Yargıdaki Ergenekonculara uluslararası kongrede tepki
Uluslararası Ceza Hukuku Kongresi´nde Ergenekon tartışması yaşandı. Uluslararası Ceza Hukuku Derneği (AIDP)´nin İstanbul´da düzenlediği 18. Ceza Hukuku Kongresi´nde ´Suç işlemek için anlaşma´ esasının cezalandırılmasına ve Silivri cezaevinde tutulmasına karşı çıkan bazı Türk katılımcılara yabancı hukukçulardan tepki geldi. İlgili paragrafın metinden çıkarılmasını isteyen Ergenekon sanık avukatlarının ve onları savunan çevrelerin itirazları kabul görmedi. Yargılamalarda gizli tanık kullanılmasına da birçok Türk katılımcı itirazda bulundu. Bunun üzerine oturum başkanı maddeyi oylamaya sundu. Aralarında emekli Yargıtay Başsavcısı Sabih Kanadoğlu´nun da bulunduğu 40 kişi yargılamalarda gizli tanık kullanılmaması yönünde, 59 kişi ise gizli tanık kullanılabileceğinden yana oy kullandı. Yargı reformu kapsamında, Hakimler ve Savcılar Yüksek Kurulu´nda yapılacak değişiklikleri de değerlendiren Uluslararası Ceza Hukuku Derneği (AIDP) Başkanı Jose Luis de la Cuesta, Meclis´in atayacağı üyelerin yargı bağımsızlığına gölge düşürmeyeceğini, Meclis´in halkın egemenliğini temsil eden merci olduğunu belirtti.

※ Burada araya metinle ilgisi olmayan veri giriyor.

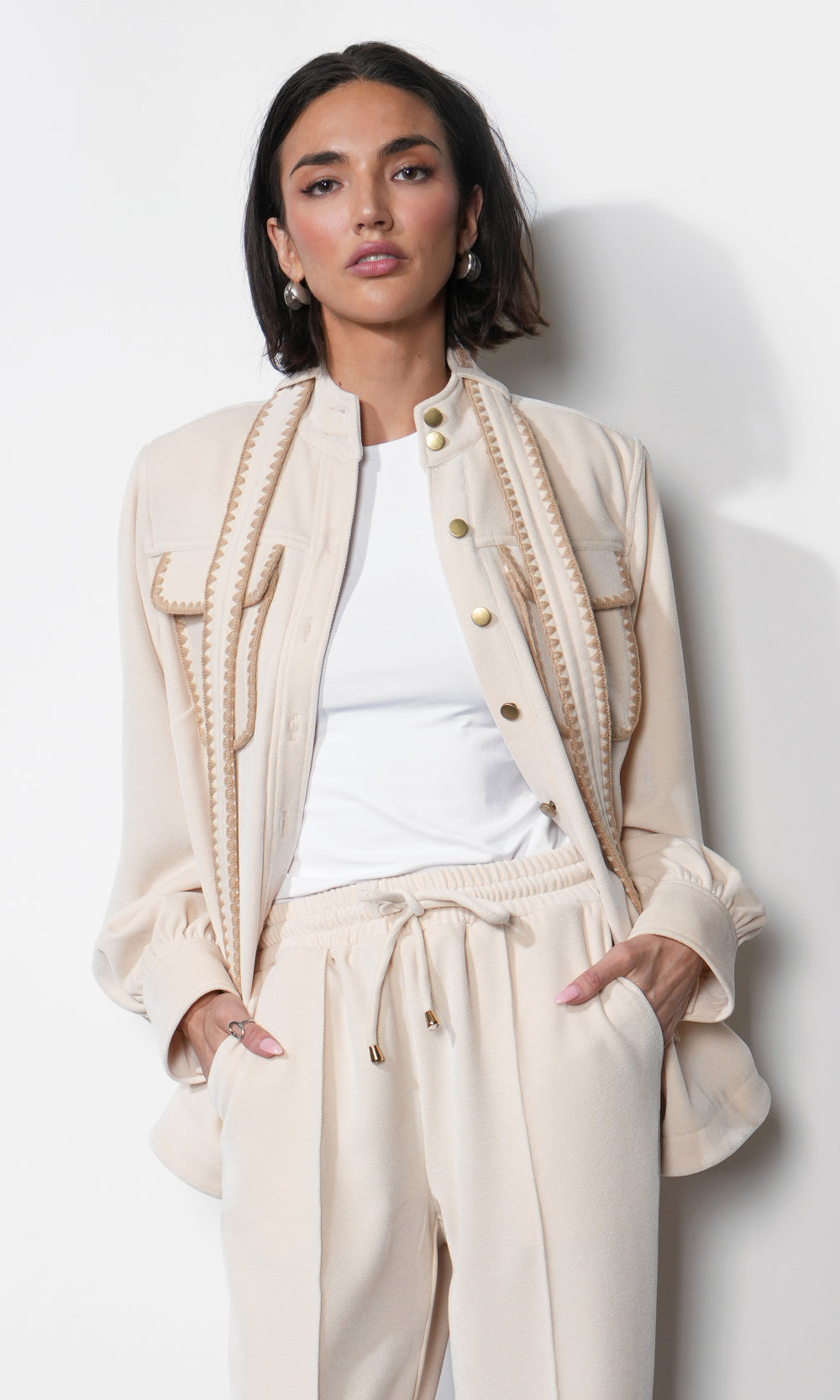 Marli Oversized Embroidered Shacket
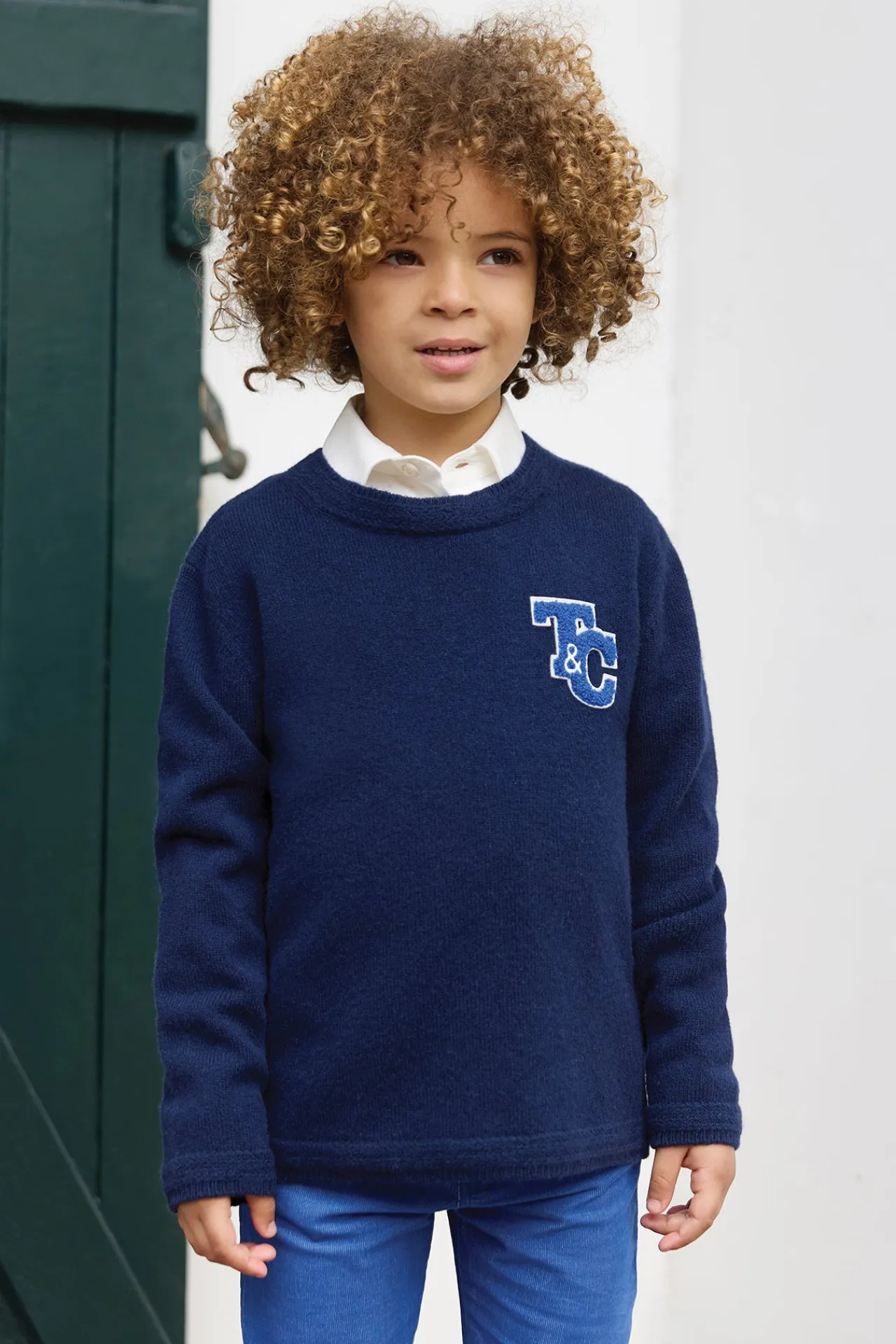 Tartine et Chocolat Pull Marine en laine signature TC|Enfant Pulls - Gilets - Sweats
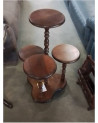 PORTE PLANTE BOIS  4 POTS 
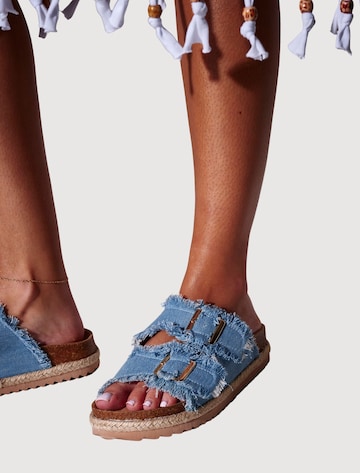 Zoccoletto di South Beach in blu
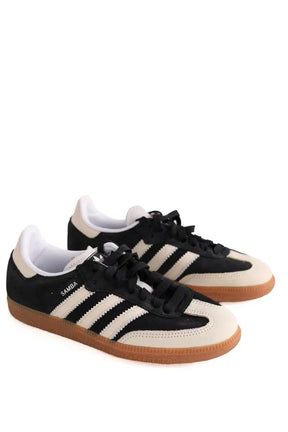 Baskets Adidas Samba Noir en Cuir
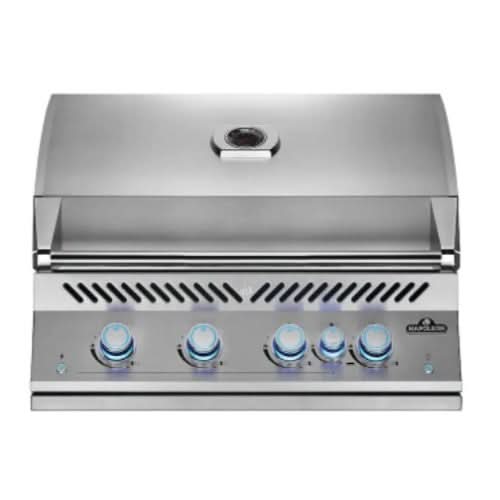 Napoleon 700 Series 32 RB - 32-Inch 4-Burner Built-In Grill with Infrared Rear Burner - Liquid Propane Gas - BIG32RBPSS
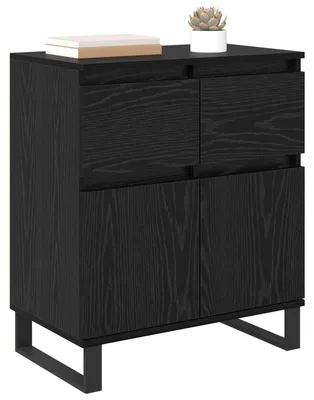 Obrázok produktu pre vidaXL Príborník so zásuvkami čierny dubový vzhľad 60 x 35 x 70 cm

Kontrgerillanın en sert direnişi gösteren yargı kolu yabancıların tepkisini çekiyor
Uluslararası Ceza Hukuku Kongresi´nde Ergenekon tartışması yaşandı. Suç işlemek için anlaşma esasının cezalandırılmasına karşı çıkan bazı Türk katılımcılar, bu kısmın metinden çıkarılmasını istedi. İstanbul Barosu avukatlarından Mahmut Tanal, Hareket olmadan suç olmaz. Türkiye´de cezaevlerindeki akademisyen sayısı bir üniversitenin öğretim elemanı sayısına yakındır. derken, Ergenekon davası sanıklarına avukatlık yapan isimler de söz alarak benzeri itirazlarda bulundu. Hurşit Tolon´un avukatlığını da yapan Prof. Dr. Köksal Bayraktar, bu kısmın metinden tamamen çıkarılması gerektiğini söyledi. Levent Ersöz´ün avukatı Ali Rıza Dizdar da Ergenekon davasını aktarıp bu kısmın metinden çıkarılması gerektiğini söyledi. Genel Raportör İtalyan Hukuk Profesörü Lorenzo Picotti ise bu görüşlere karşı çıktı. Konuyla ilgili oylama bir sonraki güne ertelendi.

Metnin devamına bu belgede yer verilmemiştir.